- _Your assignment_: Give back, exactly as written, the lines from the first line of the data below through the line with "Ахмад Масуд - Талибы*", and omit the pictures.

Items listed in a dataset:
++++++++
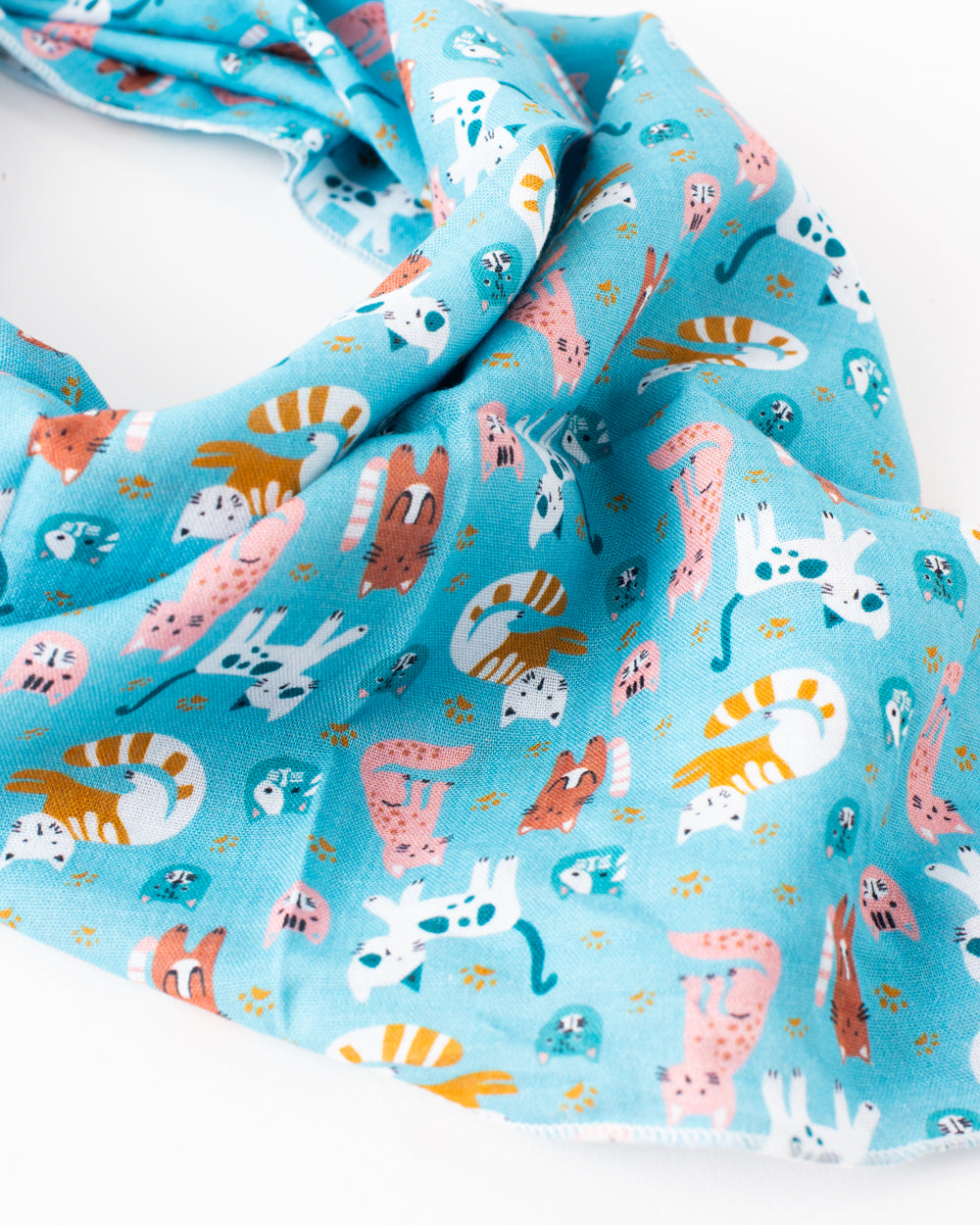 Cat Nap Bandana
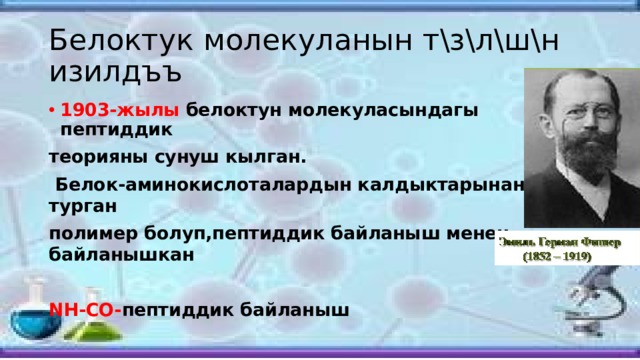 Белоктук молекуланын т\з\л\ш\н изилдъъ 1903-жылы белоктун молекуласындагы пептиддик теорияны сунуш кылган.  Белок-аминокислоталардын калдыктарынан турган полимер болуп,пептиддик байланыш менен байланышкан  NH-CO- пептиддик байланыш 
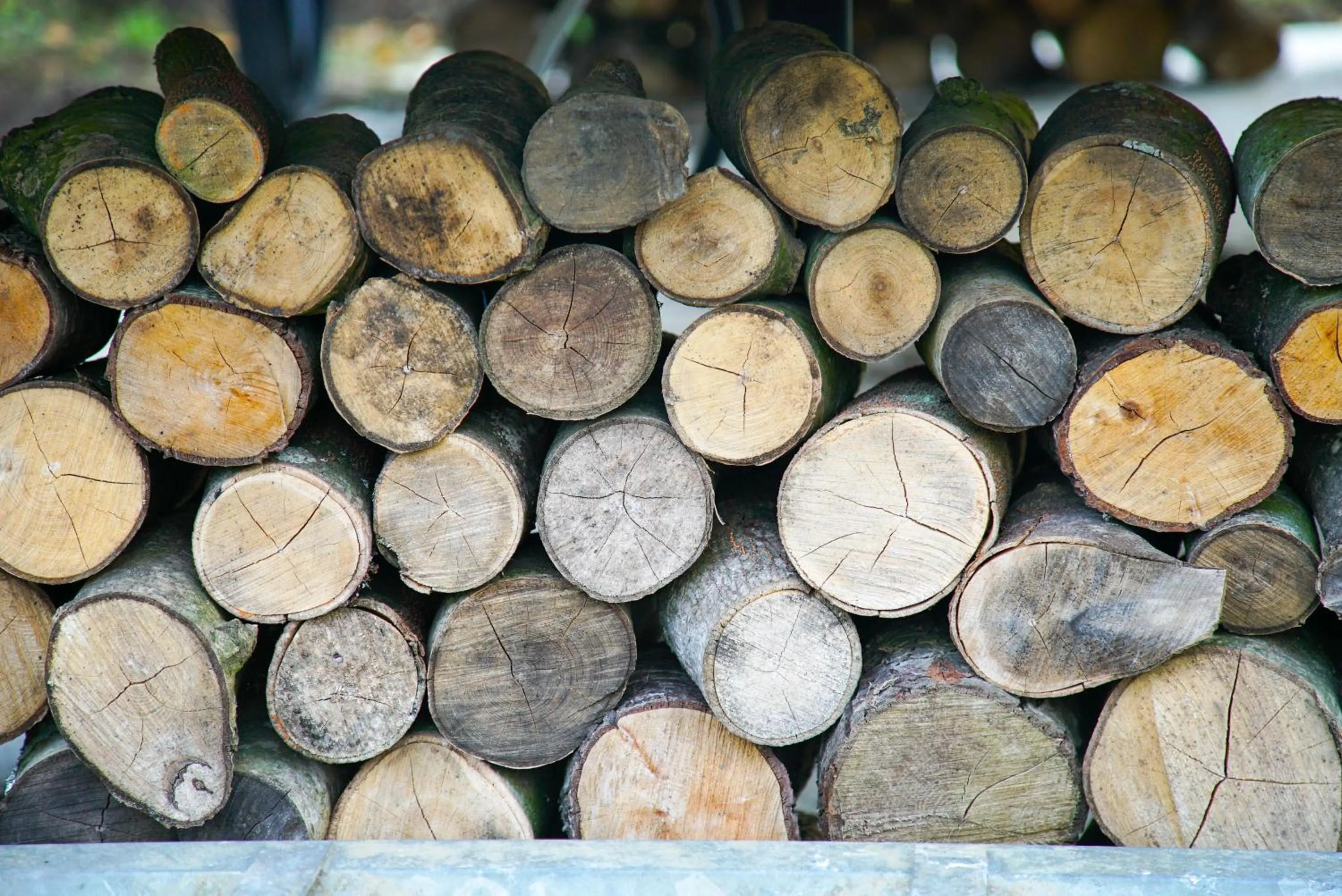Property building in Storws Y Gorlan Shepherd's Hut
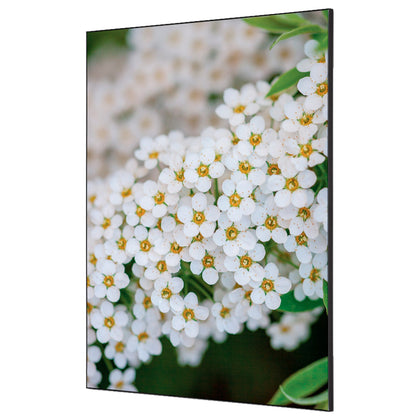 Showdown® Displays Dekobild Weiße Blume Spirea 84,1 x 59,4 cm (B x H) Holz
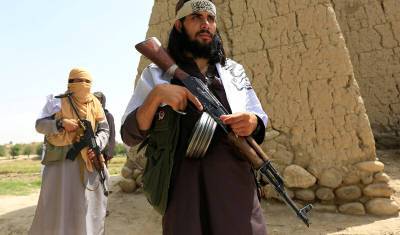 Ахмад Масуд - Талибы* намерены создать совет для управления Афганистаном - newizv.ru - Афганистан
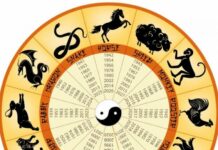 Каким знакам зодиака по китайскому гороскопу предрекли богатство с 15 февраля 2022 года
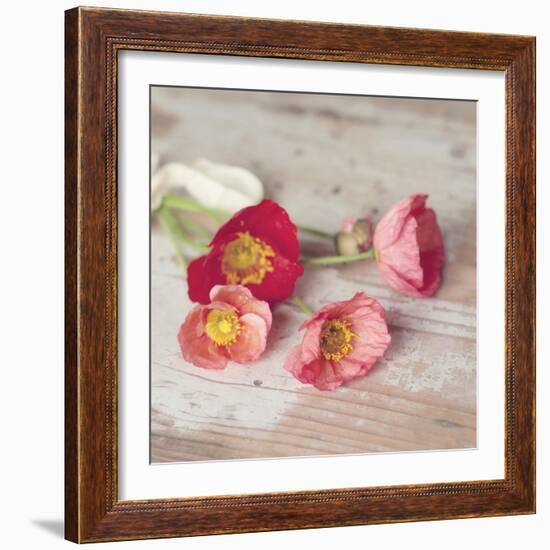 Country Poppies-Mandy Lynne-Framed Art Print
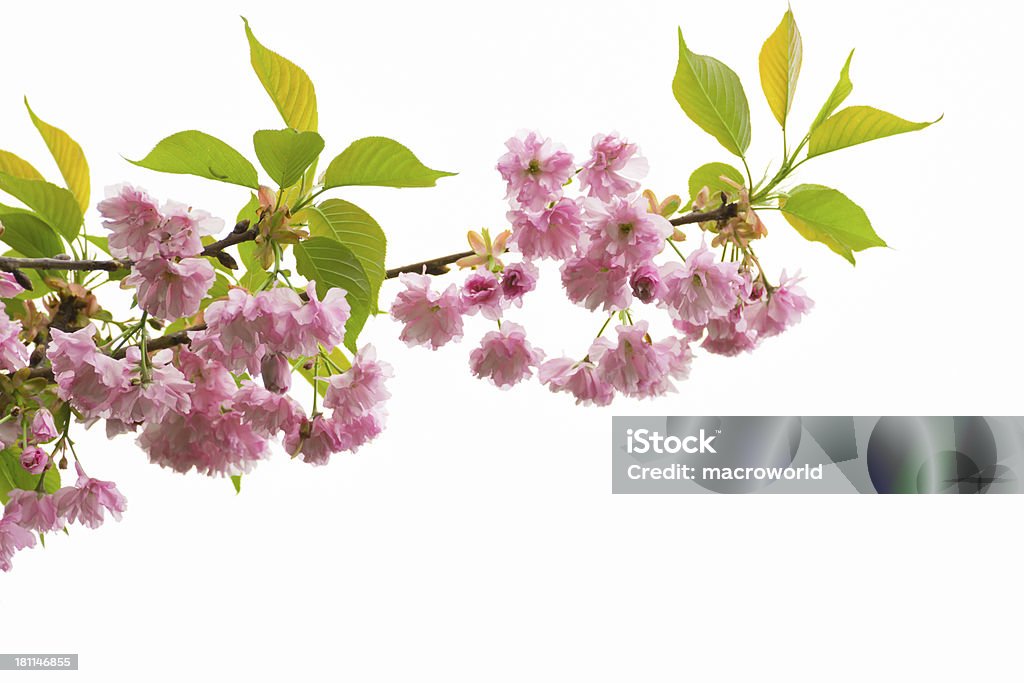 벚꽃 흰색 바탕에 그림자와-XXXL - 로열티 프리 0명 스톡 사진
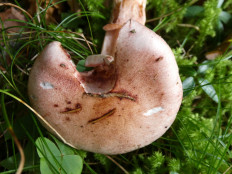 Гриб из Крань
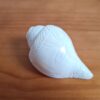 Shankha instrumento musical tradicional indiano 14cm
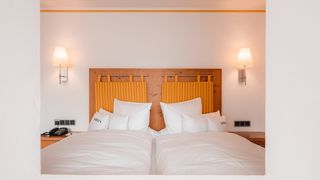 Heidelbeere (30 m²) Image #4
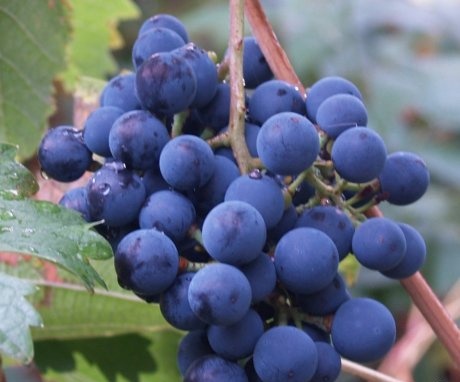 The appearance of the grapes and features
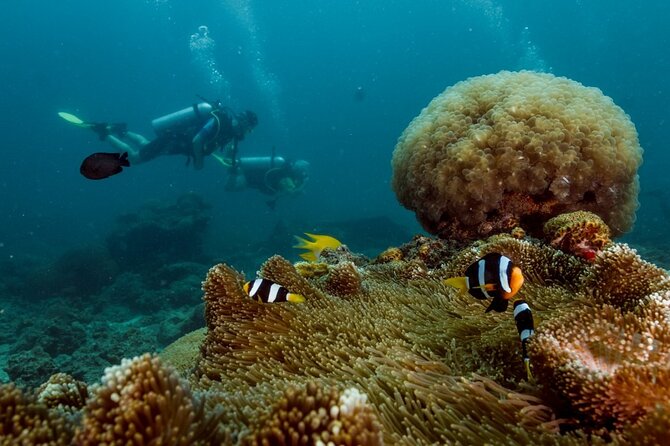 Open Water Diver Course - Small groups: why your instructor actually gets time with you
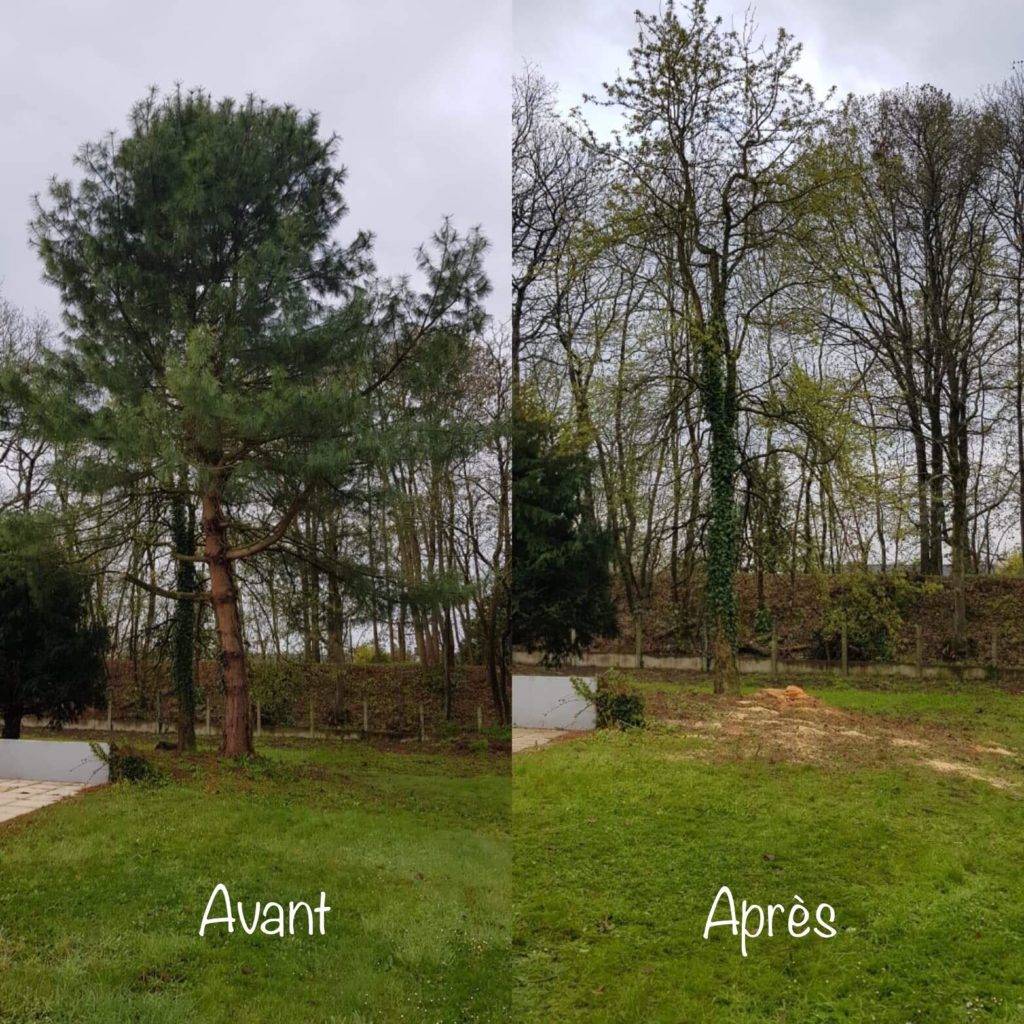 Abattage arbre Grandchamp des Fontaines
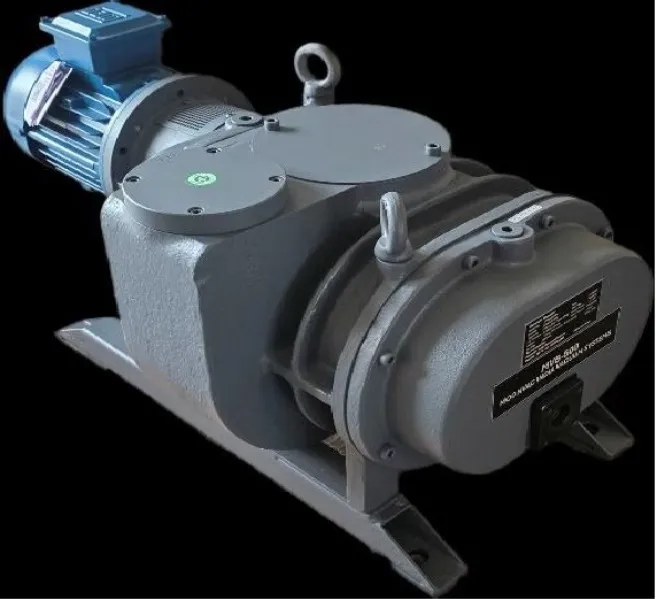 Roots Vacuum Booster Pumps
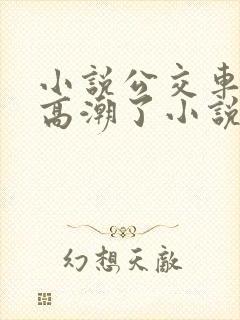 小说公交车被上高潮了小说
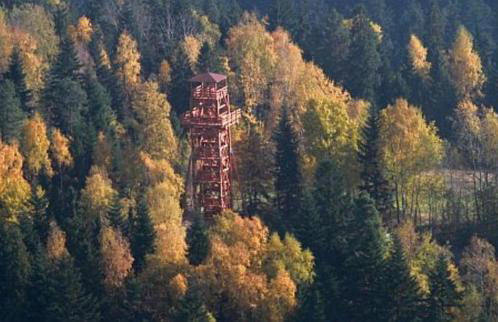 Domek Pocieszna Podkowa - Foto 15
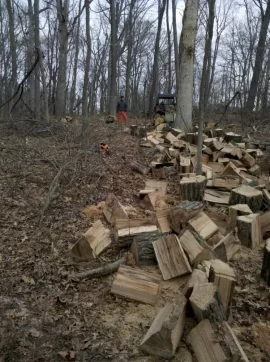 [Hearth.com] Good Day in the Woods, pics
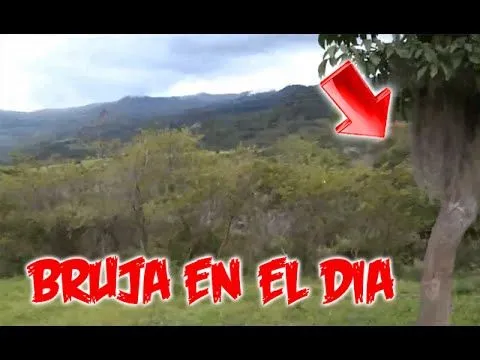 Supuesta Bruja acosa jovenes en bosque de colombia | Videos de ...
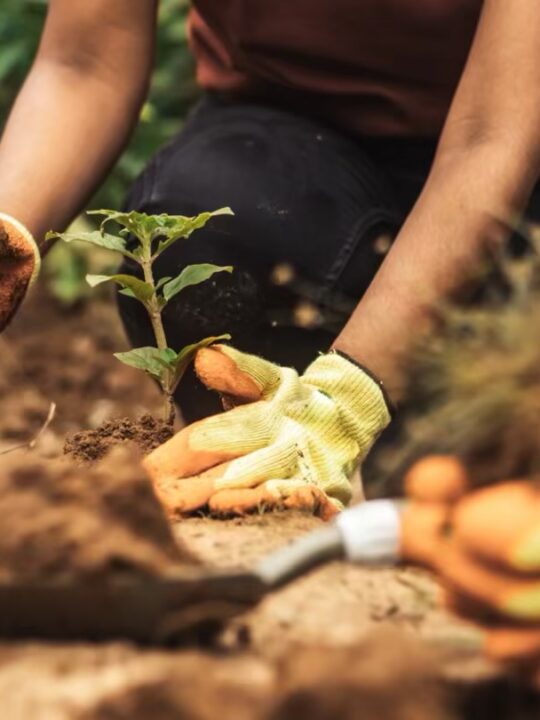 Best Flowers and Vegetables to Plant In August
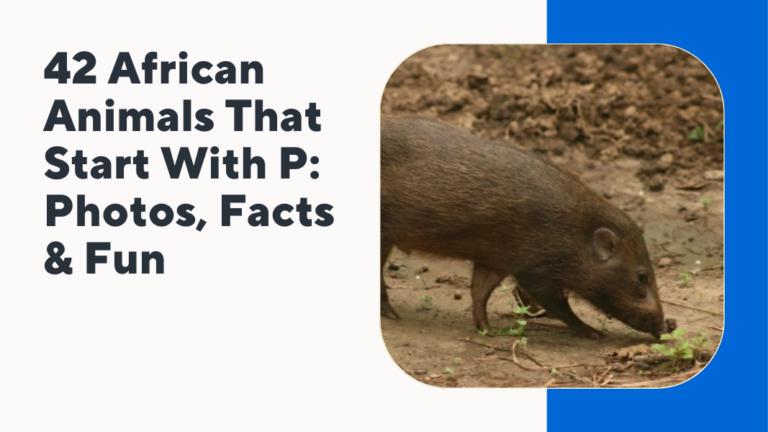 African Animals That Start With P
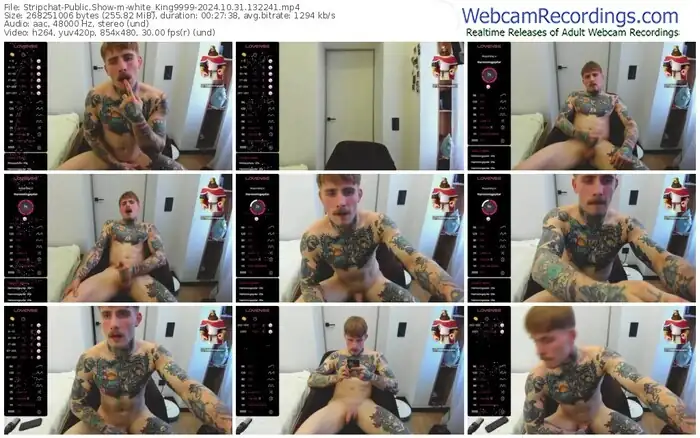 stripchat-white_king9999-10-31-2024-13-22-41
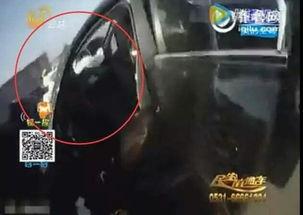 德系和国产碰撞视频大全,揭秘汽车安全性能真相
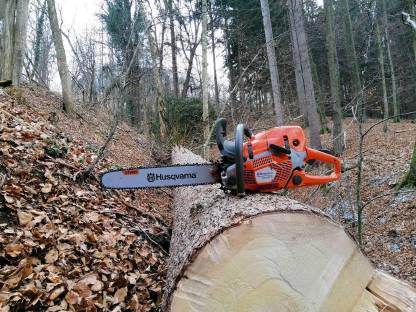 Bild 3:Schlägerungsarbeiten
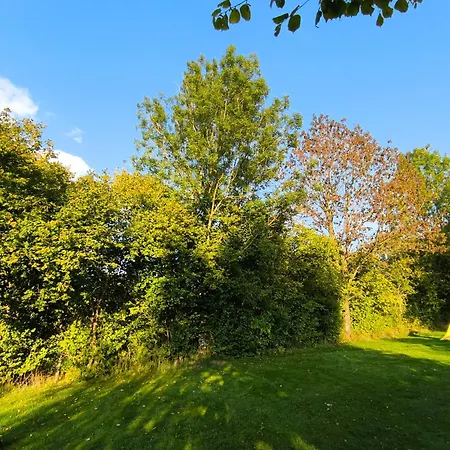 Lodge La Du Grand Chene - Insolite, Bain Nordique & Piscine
++++++++
- _Exercise response_:
 Cat Nap Bandana
 Белоктук молекуланын т\з\л\ш\н изилдъъ 1903-жылы белоктун молекуласындагы пептиддик теорияны сунуш кылган.  Белок-аминокислоталардын калдыктарынан турган полимер болуп,пептиддик байланыш менен байланышкан  NH-CO- пептиддик байланыш 
Property building in Storws Y Gorlan Shepherd's Hut
 Showdown® Displays Dekobild Weiße Blume Spirea 84,1 x 59,4 cm (B x H) Holz
 Ахмад Масуд - Талибы* намерены создать совет для управления Афганистаном - newizv.ru - Афганистан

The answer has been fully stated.